Stored entries
+++
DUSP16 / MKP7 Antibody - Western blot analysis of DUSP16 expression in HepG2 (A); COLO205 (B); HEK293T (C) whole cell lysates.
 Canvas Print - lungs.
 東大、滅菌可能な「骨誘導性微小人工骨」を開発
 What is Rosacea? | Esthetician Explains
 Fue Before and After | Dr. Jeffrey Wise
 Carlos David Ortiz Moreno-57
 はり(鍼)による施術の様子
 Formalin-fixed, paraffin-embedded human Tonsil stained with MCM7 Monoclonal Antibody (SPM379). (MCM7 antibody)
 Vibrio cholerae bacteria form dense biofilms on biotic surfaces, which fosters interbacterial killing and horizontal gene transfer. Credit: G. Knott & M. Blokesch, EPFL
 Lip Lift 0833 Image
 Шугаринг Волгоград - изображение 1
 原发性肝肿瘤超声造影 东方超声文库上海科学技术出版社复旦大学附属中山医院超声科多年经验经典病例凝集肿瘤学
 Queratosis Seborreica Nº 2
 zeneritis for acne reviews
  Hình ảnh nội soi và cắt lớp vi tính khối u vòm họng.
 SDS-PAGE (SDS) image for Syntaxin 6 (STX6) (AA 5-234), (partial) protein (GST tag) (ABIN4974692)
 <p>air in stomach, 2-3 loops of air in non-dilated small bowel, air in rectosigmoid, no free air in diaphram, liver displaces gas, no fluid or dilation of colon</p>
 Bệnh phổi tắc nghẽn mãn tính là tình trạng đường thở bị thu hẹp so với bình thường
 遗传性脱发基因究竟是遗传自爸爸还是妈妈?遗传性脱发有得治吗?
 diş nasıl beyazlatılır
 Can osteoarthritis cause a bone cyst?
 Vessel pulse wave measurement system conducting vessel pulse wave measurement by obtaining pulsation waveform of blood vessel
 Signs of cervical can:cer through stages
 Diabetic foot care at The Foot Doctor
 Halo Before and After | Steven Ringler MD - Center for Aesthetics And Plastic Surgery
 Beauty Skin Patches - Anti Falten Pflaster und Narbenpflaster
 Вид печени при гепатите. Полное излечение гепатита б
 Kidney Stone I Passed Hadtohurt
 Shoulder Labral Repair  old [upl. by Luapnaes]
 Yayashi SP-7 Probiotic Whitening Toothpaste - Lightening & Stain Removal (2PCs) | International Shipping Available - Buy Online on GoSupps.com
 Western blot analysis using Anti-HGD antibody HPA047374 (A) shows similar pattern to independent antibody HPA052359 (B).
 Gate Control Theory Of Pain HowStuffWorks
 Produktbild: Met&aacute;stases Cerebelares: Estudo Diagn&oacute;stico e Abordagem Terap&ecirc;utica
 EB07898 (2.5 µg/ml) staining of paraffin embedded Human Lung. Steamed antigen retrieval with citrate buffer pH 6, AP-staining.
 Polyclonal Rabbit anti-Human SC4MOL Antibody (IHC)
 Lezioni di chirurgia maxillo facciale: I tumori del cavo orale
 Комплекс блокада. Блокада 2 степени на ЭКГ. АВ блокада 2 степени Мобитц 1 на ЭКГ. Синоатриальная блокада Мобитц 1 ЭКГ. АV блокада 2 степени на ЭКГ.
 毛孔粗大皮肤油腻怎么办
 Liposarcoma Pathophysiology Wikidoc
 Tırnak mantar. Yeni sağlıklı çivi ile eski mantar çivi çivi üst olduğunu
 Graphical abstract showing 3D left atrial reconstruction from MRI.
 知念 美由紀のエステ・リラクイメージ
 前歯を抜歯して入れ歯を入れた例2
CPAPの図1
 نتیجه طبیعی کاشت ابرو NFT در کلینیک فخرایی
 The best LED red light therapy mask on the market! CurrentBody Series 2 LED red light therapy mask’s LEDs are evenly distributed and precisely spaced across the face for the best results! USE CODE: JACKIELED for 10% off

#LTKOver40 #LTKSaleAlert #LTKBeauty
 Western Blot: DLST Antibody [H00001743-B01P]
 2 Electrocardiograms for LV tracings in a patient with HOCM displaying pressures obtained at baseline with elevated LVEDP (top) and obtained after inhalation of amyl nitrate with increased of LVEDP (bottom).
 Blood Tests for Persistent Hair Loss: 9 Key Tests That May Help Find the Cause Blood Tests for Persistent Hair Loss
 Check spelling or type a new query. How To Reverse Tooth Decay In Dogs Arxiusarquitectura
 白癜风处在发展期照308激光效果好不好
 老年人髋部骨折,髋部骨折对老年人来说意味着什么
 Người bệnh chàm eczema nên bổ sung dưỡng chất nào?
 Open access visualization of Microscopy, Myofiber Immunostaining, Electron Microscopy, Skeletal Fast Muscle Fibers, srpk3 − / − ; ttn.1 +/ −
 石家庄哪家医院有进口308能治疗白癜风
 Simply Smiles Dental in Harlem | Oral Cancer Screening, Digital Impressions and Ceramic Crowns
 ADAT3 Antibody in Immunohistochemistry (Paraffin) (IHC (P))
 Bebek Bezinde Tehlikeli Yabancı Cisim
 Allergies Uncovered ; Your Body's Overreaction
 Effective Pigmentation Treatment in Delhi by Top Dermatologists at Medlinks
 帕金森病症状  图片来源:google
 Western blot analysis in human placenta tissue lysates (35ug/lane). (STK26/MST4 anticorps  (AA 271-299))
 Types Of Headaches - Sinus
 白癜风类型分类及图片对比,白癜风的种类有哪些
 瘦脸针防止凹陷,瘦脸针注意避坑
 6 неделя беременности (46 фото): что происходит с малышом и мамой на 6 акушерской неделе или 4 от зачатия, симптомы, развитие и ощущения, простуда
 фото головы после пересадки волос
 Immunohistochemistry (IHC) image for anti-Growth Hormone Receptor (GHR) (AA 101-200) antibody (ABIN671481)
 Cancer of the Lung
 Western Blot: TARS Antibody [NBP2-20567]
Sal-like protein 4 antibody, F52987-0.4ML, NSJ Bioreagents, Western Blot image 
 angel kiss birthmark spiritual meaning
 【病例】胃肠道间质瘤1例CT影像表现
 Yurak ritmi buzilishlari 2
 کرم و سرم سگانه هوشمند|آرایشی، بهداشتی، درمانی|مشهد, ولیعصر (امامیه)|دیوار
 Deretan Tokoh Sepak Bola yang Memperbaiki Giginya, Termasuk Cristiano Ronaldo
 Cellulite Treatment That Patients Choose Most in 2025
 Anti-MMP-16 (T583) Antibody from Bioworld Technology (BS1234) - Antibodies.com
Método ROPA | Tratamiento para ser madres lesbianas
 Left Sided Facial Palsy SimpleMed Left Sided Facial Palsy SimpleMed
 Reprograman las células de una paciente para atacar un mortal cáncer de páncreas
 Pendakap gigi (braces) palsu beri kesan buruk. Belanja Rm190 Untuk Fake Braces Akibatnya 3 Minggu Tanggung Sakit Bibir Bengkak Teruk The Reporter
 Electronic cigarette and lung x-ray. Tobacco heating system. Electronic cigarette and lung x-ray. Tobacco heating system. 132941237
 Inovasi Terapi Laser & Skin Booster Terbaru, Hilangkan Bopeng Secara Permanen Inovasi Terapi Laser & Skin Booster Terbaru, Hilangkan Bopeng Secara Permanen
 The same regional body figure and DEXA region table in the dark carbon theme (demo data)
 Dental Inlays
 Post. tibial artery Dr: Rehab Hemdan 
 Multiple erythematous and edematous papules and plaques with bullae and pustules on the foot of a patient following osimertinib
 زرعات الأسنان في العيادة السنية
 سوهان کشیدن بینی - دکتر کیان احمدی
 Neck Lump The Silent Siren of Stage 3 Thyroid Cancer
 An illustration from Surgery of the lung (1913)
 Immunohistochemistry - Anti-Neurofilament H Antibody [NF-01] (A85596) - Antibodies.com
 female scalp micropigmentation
+++
Task statement: What are the lines above, starting at the one with "Secara Permanen Inovasi" and ending at the one with "Dental Inlays"? Give them again exactly, and only them.

Exercise solution:
 Inovasi Terapi Laser & Skin Booster Terbaru, Hilangkan Bopeng Secara Permanen Inovasi Terapi Laser & Skin Booster Terbaru, Hilangkan Bopeng Secara Permanen
 The same regional body figure and DEXA region table in the dark carbon theme (demo data)
 Dental Inlays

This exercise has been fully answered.